Materials provided:
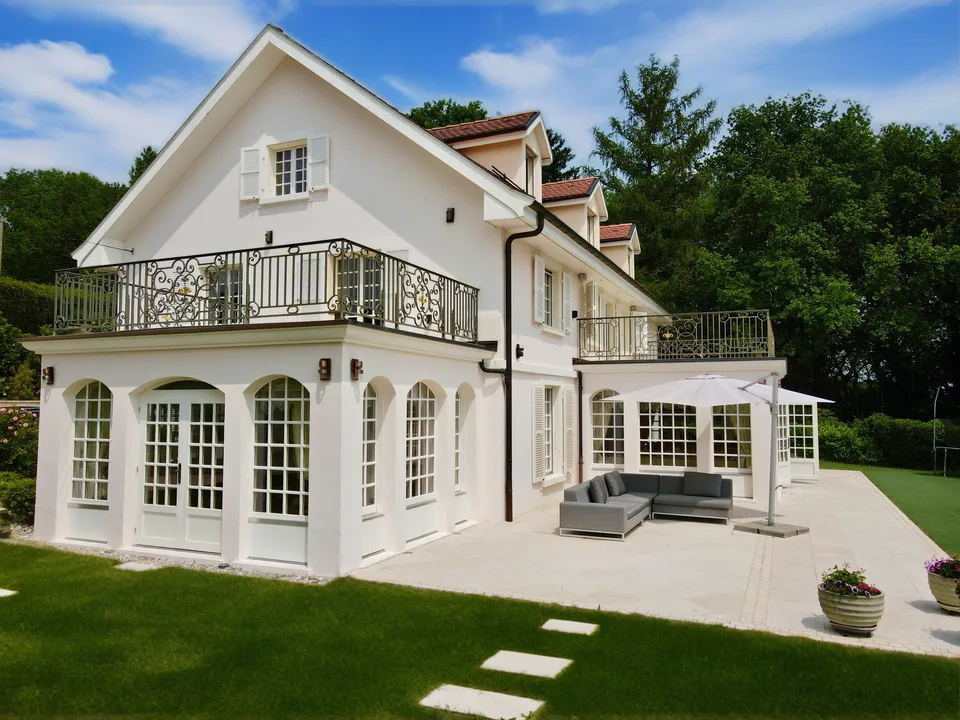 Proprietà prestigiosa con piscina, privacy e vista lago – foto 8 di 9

--

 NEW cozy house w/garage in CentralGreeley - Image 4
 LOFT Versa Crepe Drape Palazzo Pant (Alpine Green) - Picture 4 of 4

What the exercise asks: Out of the material above, output word for word the line with "NEW cozy house", the line with "LOFT Versa Crepe", and all lines between them, with nothing else.

The answer:
 NEW cozy house w/garage in CentralGreeley - Image 4
 LOFT Versa Crepe Drape Palazzo Pant (Alpine Green) - Picture 4 of 4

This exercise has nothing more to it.